CUDA Pro Tip: Always Set the Current Device to Avoid Multithreading Bugs

How to select which GPU to execute CUDA calls on? The CUDA runtime API is state-based, and threads should execute cudaSetDevice() to set the current GPU.

The CUDA runtime API is thread-safe, which means it maintains per-thread state about the current device. This is very important as it allows threads to concurrently submit work to different devices. If current device is not set for the thread, either it will use the default device (device 0) or if it is a reused thread it will reuse its last device setting.

Pro Tip: always call cudaSetDevice() first when you spawn a new host thread.

cudaSetDevice(1);
cudaMalloc(&a,bytes);

#pragma omp parallel
{
  // multiple threads calling the kernel
  cudaSetDevice(1);
  kernel<<<blocks,threads>>>(a);
}

Concurrency with streams

GPU Pro Tip: CUDA 7 Streams Simplify Concurrency

CUDA Applications manage concurrency by executing asynchronous commands in streams, sequences of commands that execute in order. [See the post How to Overlap Data Transfers in CUDA C/C++ for an example.]

When you execute asynchronous CUDA commands without specifying a stream, the runtime uses the default stream.

  kernel<<< blocks, threads, bytes >>>();    // stream 0 (default)
  kernel<<< blocks, threads, bytes, 0 >>>(); // stream 0

Before CUDA 7, the default stream is a single per-device default stream which implicitly synchronizes with all other streams on the device.

CUDA 7 introduces an independent per-thread default stream for every host thread, which avoids the serialization of the legacy default stream. These default streams are regular streams. The commands issued to the default streams by different host threads can run concurrently.

To enable per-thread default streams in CUDA 7 and later, you can either compile with the nvcc command-line option --default-stream per-thread, or #define CUDA_API_PER_THREAD_DEFAULT_STREAM preprocessor macro before including CUDA headers (cuda.h or cuda_runtime.h).

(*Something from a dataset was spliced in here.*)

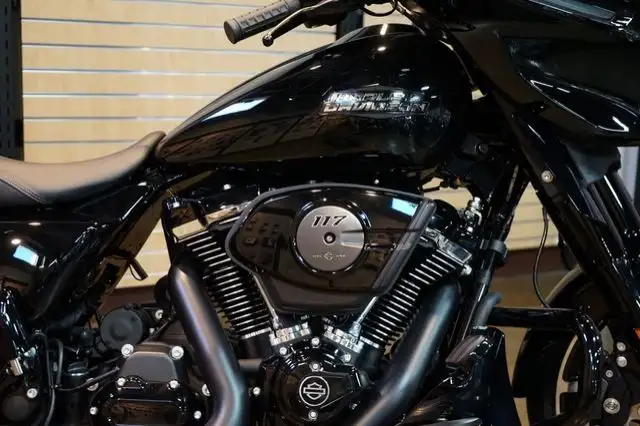 2025 Harley-Davidson FLHX - Street Glide in Sport Touring in Lethbridge - Image 21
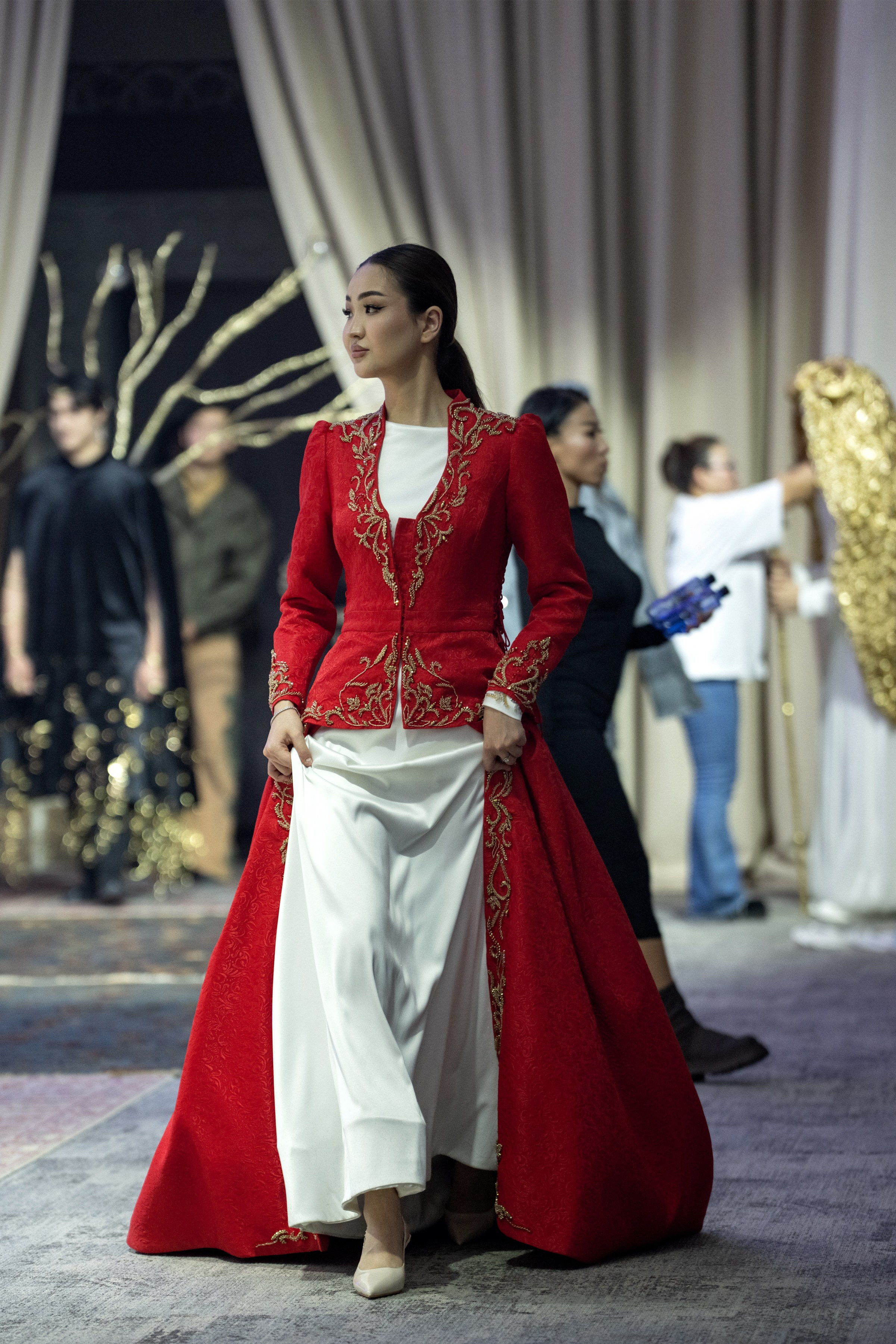 Backstage. Сайт Алматинского НЮ АРТ, будуар и фэшн фотографа Дениса Карпенко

Asynchronous Commands in CUDA

As described by the CUDA C Programming Guide, asynchronous commands return control to the calling host thread before the device has finished the requested task (they are non-blocking). These commands are:

  • Kernel launches;
  • Memory copies between two addresses to the same device memory;
  • Memory copies from host to device of a memory block of 64 KB or less;
  • Memory copies performed by functions with the Async suffix;
  • Memory set function calls.
A Multi-threading Example
#include <pthread.h>
#include <stdio.h>

const int N = 1 << 20;

__global__ void kernel(float *x, int n)
{
    int tid = threadIdx.x + blockIdx.x * blockDim.x;
    for (int i = tid; i < n; i += blockDim.x * gridDim.x) {
        x[i] = sqrt(pow(3.14159,i));
    }
}

void *launch_kernel(void *dummy)
{
    // Bound thread to device for each thread.
    cudaSetDevice(0);

    float *data;
    cudaMalloc(&data, N * sizeof(float));

    // Use default stream: per-device or per thread default?
    kernel<<<1, 64>>>(data, N);

    // Sync stream 0 within each thread after kernel run.
    cudaStreamSynchronize(0);

    return NULL;
}

int main()
{
    const int num_threads = 8;

    pthread_t threads[num_threads];

    for (int i = 0; i < num_threads; i++) {
        if (pthread_create(&threads[i], NULL, launch_kernel, 0)) {
            fprintf(stderr, "Error creating threadn");
            return 1;
        }
    }

    for (int i = 0; i < num_threads; i++) {
        if(pthread_join(threads[i], NULL)) {
            fprintf(stderr, "Error joining threadn");
            return 2;
        }
    }

    cudaDeviceReset();

    return 0;
}

(a) Compile with the legacy default stream will behavior:

nvcc ./pthread_test.cu -o pthreads_legacy

When we run this in nvvp, we see a single stream, the default stream, with all kernel launches serialized.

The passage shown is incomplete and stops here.